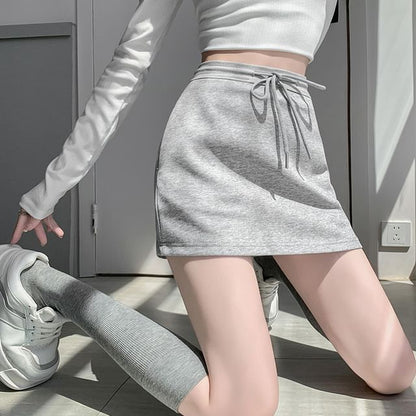 Drawstring Waist Plain Skort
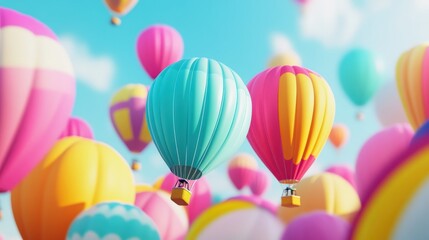 Obraz premium Colorful Hot Air Balloons in a Bright Blue Sky Above a Festival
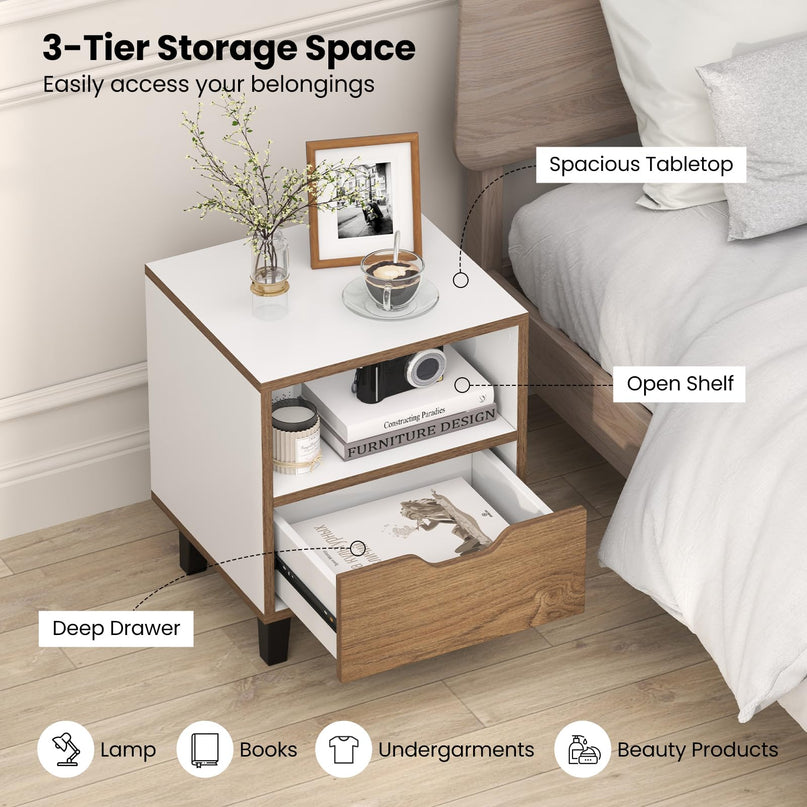 Giantex Mid Century Modern Nightstand Wooden Bedside Table with Drawer & Open Shelf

TASK DESCRIPTION ▸
Starting with the line that contains "Obraz premium Colorful", repeat each line exactly until the listing ends, including the last one. Leave pictures out.

RESULT FOR THIS TASK ▸
 Obraz premium Colorful Hot Air Balloons in a Bright Blue Sky Above a Festival
 Giantex Mid Century Modern Nightstand Wooden Bedside Table with Drawer & Open Shelf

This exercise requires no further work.